## Task:
Can you restate the lines of the entries below, word for word, from the first one through the line that includes "Racing Isky Racing"?

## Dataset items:
- Opening Delimiter -

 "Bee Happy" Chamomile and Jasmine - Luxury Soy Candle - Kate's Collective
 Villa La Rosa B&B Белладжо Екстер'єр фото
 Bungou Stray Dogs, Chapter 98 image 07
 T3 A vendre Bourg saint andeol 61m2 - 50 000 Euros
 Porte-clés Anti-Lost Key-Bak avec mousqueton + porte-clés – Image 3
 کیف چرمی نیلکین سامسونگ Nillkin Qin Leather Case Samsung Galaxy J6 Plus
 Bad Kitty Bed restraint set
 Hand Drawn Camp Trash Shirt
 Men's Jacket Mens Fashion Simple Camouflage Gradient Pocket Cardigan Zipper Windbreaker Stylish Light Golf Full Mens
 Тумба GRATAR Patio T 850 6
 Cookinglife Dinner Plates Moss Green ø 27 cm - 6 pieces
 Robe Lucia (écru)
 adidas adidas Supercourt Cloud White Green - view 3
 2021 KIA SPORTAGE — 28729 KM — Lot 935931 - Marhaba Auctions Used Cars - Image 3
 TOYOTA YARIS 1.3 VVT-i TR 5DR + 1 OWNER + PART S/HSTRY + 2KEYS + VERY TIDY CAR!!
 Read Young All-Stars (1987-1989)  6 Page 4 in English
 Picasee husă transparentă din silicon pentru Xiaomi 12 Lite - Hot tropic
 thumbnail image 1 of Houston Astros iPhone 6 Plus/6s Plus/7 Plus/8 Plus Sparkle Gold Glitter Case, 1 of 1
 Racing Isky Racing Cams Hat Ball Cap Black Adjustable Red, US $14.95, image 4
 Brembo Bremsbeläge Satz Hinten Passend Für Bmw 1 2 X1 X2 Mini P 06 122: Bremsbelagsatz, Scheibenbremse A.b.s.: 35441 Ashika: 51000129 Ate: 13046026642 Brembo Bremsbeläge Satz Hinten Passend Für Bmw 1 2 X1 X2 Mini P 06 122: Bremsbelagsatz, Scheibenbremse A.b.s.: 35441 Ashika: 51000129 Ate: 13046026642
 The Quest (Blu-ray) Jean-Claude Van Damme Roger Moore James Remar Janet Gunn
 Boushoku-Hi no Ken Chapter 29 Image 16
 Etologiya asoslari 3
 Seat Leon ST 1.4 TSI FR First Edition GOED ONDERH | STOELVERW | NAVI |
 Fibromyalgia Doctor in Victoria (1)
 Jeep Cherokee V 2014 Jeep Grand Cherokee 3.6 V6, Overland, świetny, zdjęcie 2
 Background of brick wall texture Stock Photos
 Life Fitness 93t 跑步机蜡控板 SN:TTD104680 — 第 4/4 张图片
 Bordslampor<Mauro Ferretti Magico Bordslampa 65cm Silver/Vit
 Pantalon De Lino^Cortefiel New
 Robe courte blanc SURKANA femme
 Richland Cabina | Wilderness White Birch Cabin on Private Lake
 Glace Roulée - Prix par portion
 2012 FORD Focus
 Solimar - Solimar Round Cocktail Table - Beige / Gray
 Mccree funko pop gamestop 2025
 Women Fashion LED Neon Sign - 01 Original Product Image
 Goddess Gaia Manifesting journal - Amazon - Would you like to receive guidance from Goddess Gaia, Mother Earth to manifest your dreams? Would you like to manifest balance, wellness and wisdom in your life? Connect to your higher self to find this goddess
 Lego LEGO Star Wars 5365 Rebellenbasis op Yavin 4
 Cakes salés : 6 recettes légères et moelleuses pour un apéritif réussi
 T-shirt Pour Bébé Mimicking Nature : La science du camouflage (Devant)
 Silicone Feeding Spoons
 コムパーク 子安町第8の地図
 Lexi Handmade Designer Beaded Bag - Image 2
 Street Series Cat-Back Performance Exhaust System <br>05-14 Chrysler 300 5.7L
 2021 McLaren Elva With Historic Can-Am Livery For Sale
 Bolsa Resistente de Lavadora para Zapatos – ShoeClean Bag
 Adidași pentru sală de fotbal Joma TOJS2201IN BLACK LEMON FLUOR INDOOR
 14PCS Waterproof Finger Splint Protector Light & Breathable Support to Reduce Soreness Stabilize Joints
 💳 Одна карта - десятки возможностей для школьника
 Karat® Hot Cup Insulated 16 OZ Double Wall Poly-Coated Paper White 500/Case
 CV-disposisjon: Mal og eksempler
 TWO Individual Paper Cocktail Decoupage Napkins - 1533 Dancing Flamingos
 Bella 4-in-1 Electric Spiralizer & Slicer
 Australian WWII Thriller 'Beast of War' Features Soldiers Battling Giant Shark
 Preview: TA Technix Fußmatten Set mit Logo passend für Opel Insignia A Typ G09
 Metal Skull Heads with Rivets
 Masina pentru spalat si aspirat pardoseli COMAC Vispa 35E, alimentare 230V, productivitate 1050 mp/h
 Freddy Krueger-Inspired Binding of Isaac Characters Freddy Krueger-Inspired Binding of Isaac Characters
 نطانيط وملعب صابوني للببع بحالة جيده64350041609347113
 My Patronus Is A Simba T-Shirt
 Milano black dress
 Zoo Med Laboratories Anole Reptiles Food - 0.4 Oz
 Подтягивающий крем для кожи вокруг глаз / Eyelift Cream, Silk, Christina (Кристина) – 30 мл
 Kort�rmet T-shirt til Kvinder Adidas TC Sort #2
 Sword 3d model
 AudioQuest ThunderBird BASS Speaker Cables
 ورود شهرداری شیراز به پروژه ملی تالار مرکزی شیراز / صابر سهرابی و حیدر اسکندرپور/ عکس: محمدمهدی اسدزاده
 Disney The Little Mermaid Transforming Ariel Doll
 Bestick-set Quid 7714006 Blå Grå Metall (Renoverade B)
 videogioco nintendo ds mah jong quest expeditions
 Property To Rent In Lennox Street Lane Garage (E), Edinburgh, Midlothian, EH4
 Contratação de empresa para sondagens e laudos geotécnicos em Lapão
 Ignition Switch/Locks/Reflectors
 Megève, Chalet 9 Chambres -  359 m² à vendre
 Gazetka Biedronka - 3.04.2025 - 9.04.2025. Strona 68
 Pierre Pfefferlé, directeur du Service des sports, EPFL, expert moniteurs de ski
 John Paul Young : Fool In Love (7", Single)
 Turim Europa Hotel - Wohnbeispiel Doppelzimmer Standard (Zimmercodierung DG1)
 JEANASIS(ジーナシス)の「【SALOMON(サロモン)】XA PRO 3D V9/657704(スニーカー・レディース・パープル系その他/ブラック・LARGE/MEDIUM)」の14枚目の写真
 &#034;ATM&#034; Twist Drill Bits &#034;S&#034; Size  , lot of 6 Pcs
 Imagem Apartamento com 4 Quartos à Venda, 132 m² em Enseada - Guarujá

- Closing Delimiter -

## Answer for the task:
 "Bee Happy" Chamomile and Jasmine - Luxury Soy Candle - Kate's Collective
 Villa La Rosa B&B Белладжо Екстер'єр фото
 Bungou Stray Dogs, Chapter 98 image 07
 T3 A vendre Bourg saint andeol 61m2 - 50 000 Euros
 Porte-clés Anti-Lost Key-Bak avec mousqueton + porte-clés – Image 3
 کیف چرمی نیلکین سامسونگ Nillkin Qin Leather Case Samsung Galaxy J6 Plus
 Bad Kitty Bed restraint set
 Hand Drawn Camp Trash Shirt
 Men's Jacket Mens Fashion Simple Camouflage Gradient Pocket Cardigan Zipper Windbreaker Stylish Light Golf Full Mens
 Тумба GRATAR Patio T 850 6
 Cookinglife Dinner Plates Moss Green ø 27 cm - 6 pieces
 Robe Lucia (écru)
 adidas adidas Supercourt Cloud White Green - view 3
 2021 KIA SPORTAGE — 28729 KM — Lot 935931 - Marhaba Auctions Used Cars - Image 3
 TOYOTA YARIS 1.3 VVT-i TR 5DR + 1 OWNER + PART S/HSTRY + 2KEYS + VERY TIDY CAR!!
 Read Young All-Stars (1987-1989)  6 Page 4 in English
 Picasee husă transparentă din silicon pentru Xiaomi 12 Lite - Hot tropic
 thumbnail image 1 of Houston Astros iPhone 6 Plus/6s Plus/7 Plus/8 Plus Sparkle Gold Glitter Case, 1 of 1
 Racing Isky Racing Cams Hat Ball Cap Black Adjustable Red, US $14.95, image 4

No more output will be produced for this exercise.